With almost every organization out there, including yours, collecting some form of personal information about customers and employees these days, it is more imperative than ever to protect your company from potential data breaches.

In some cases, it’s often the small and medium-sized business who are targeted by hackers and individuals who misuse the network, system or data access. Businesses this size are in that sweet spot where they’re likely to have more digital assets than an individual but less security than a large corporation.

To safeguard and protect your company’s data, consider these top five security best practices that can help you avoid, mitigate and manage data security risks.

Don’t just rely on encryption as your online mode of defense.

Encryption (the conversion of data into a format that cannot be understood by unauthorized users) alone tends to give businesses a false sense of security. Not only should you be employing virtual security measures like encryptions, passwords, firewalls and anti-viruses, physical measures like a lock-and-key cabinet and paper shredder are just as important. To keep personal information and sensitive data secure, work across departments beyond just IT. Consider your exit strategies for outgoing employees with Human Resources, make your security requirements clear with third-party vendors and have protocols on how data is stored on and offsite clear for remote projects. Mobile and remote workers must also have adequate training and technical support.

Change default passwords.

Sounds relatively simple and straightforward right? Well, many devices and applications are protected by default usernames and passwords and oftentimes, users don’t change them which can make their systems vulnerable. Don’t reuse passwords and repeat username/password combinations across multiple accounts. Set up two-factor authentication for your online business accounts. For example, this means you have to validate access by using something only you should know (a password) and authenticate using something only you should have (a phone) to verify your identity.

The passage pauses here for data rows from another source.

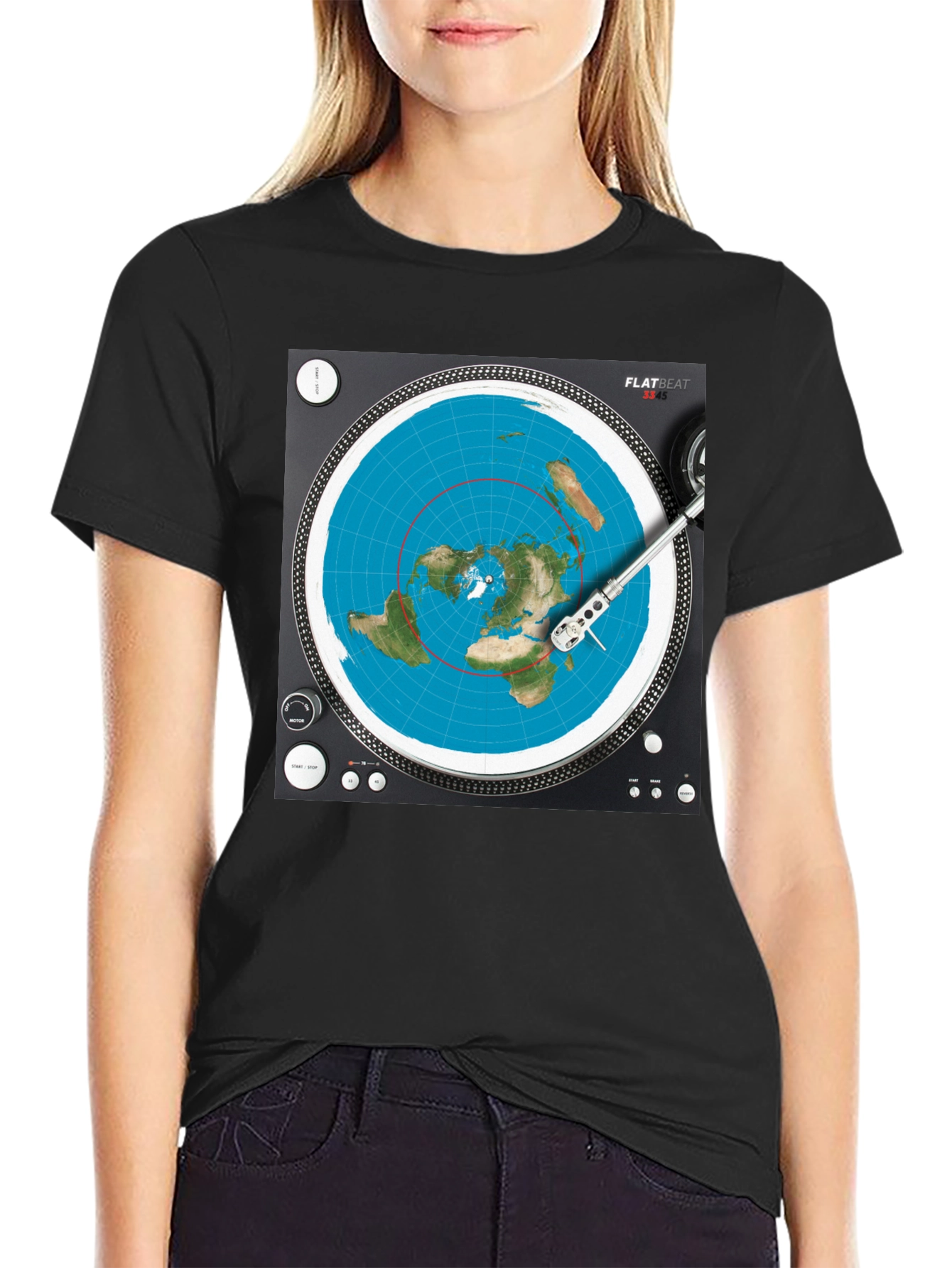 Flat Earth DJ T-Shirt - Spin the Truth!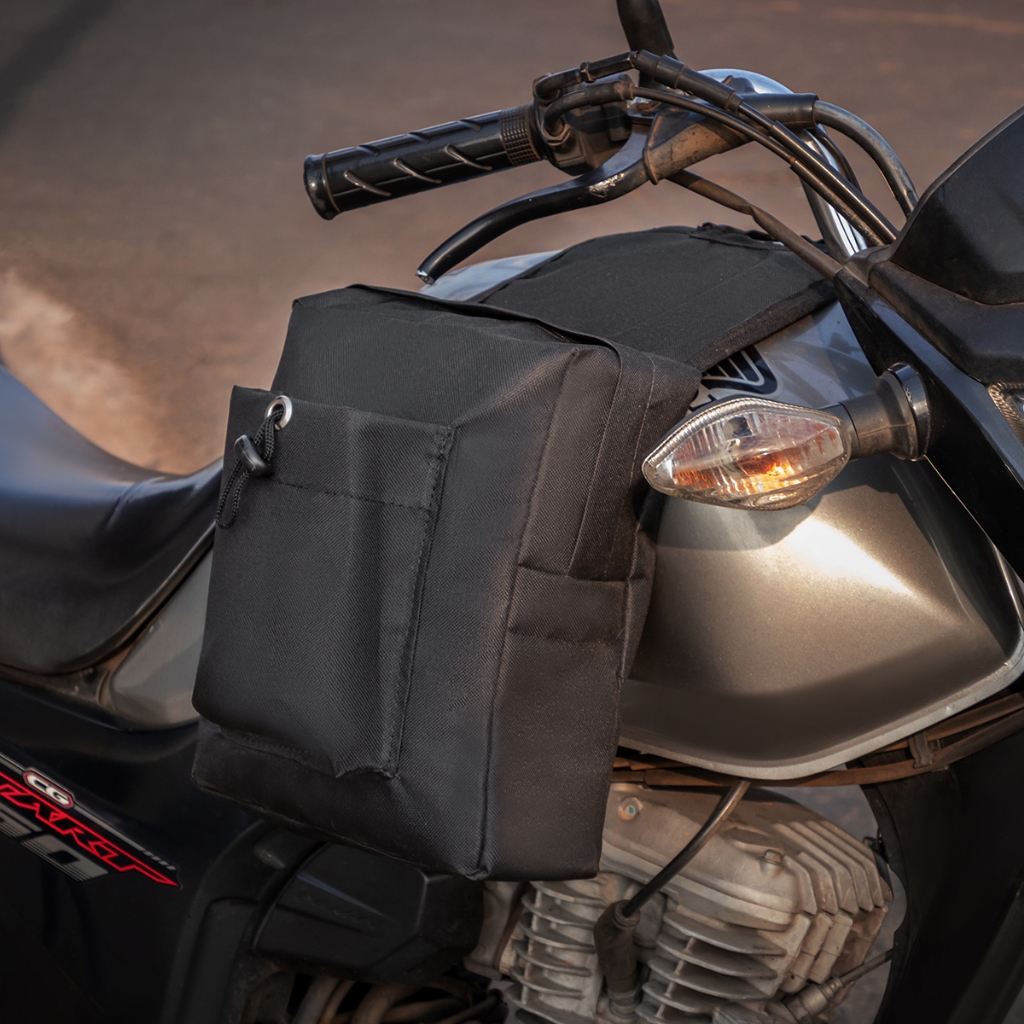 Bolsa Aforge Universal Cg 150Tanque de Moto E Quadriciclo Lateral 5,5 Lt Reforçado Novidade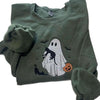 Embroidered Halloween Ghosts & Cats Sweatshirt – Cozy Fall Crewneck for Spooky Season Style by Dog Mom Hat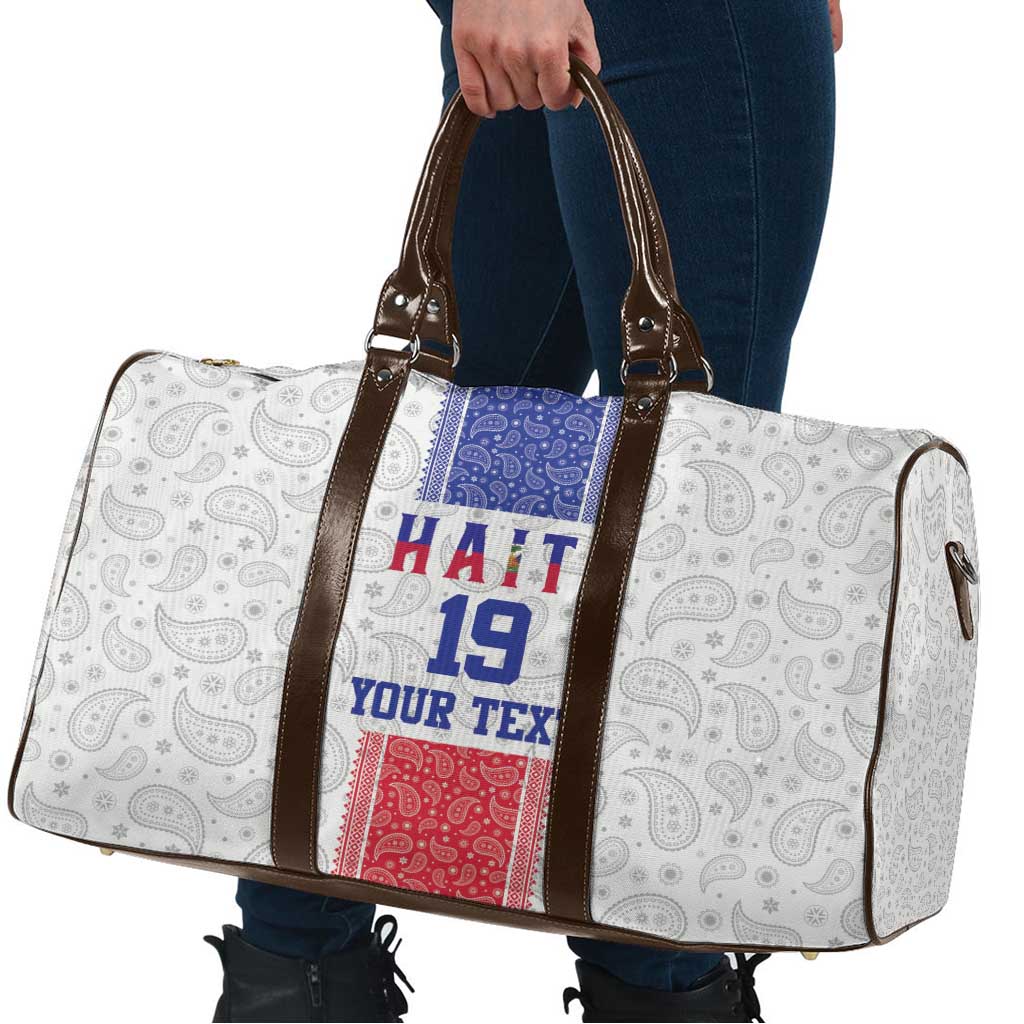 Custom Haiti Football Travel Bag Paisley Flag Pattern Design - Wonder Print Shop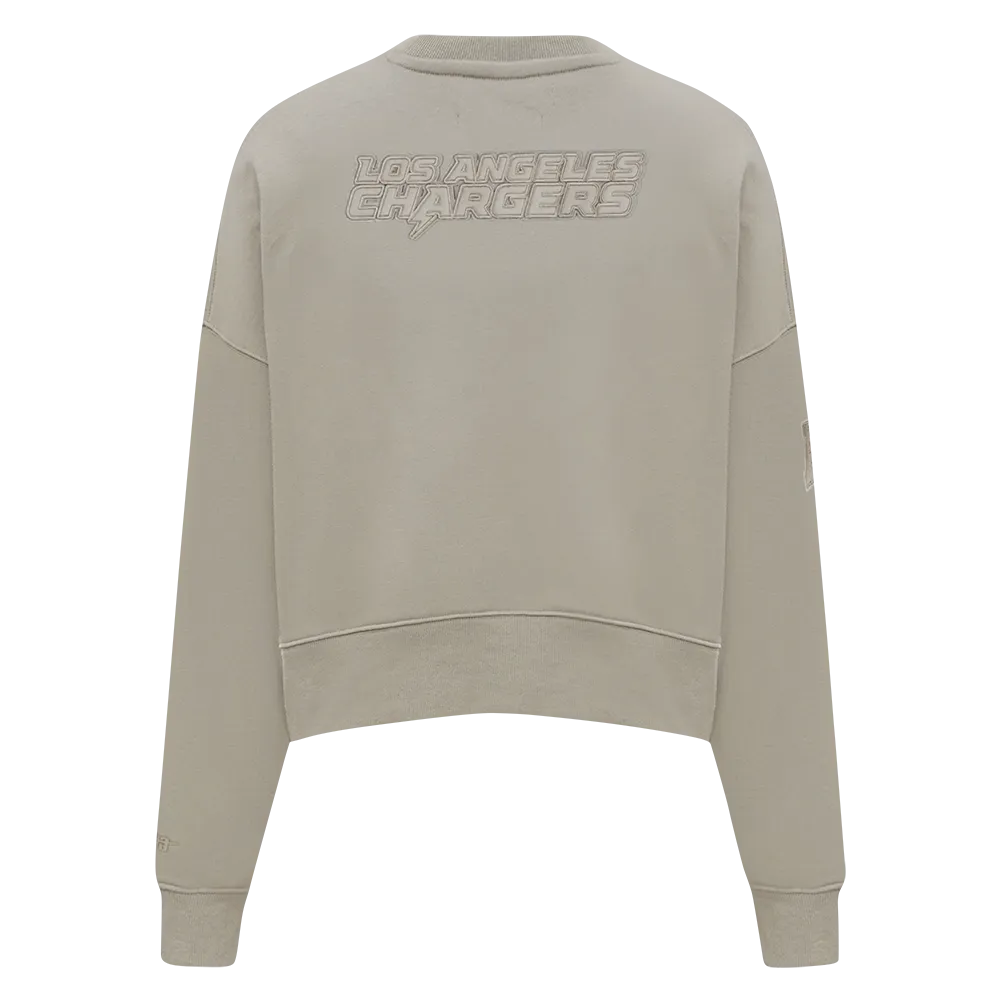 NFL LOS ANGELES CHARGERS NEUTRAL WOMEN'S FLC CREWNECK (TAUPE)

Hire a third-party data security expert to analyze your level of exposure.

Think of them like an objective friend who can tell you where something is wrong. A neutral third-party can give an unbiased look at your organization and point out potential areas for information breach. These experts can also help make sure you are in compliance with applicable laws. Conducting periodic assessments can also keep you on your toes and allow you to detect ongoing vulnerabilities as your business evolves. Using an objective third party means your employees can feel comfortable disclosing more honestly about any weaknesses in the company without concern over their jobs, giving you a clearer picture.

Make sure you have a data loss prevention protection plan.

If and when a breach occurs, a plan and policy can help you manage and communicate across the company how employees should properly respond and act. By devising a plan before it is too late, you can anticipate what may happen and address security risks before they are real threats. For example, conduct regular inventory of your sensitive data and identify clearly who manages it and where it’s located. Have a backup data solution so if information is compromised or lost, it can easily be recovered.

Remember to review and update your information security policies regularly because a company’s policy is only as good if it’s practiced. Train your employees regularly and ensure everyone is complying.

Clean house every so often and update procedures and files. 

As there is no one-size-fits-all when it comes to information security, remember to look for solutions that protect you from both internal and external threats. Keeping your operating system and application software patches and security updates current can help to foil potential breaches from outside your organization.

Don’t collect information you don’t need in the first place and reduce the number of places where you keep data. Only give access on a needed basis and keep records of who has access to what at your company, then purge data responsibly after it is no longer applicable. Once an employee has left your organization, disable all their IT accounts whether or not they departed amicably.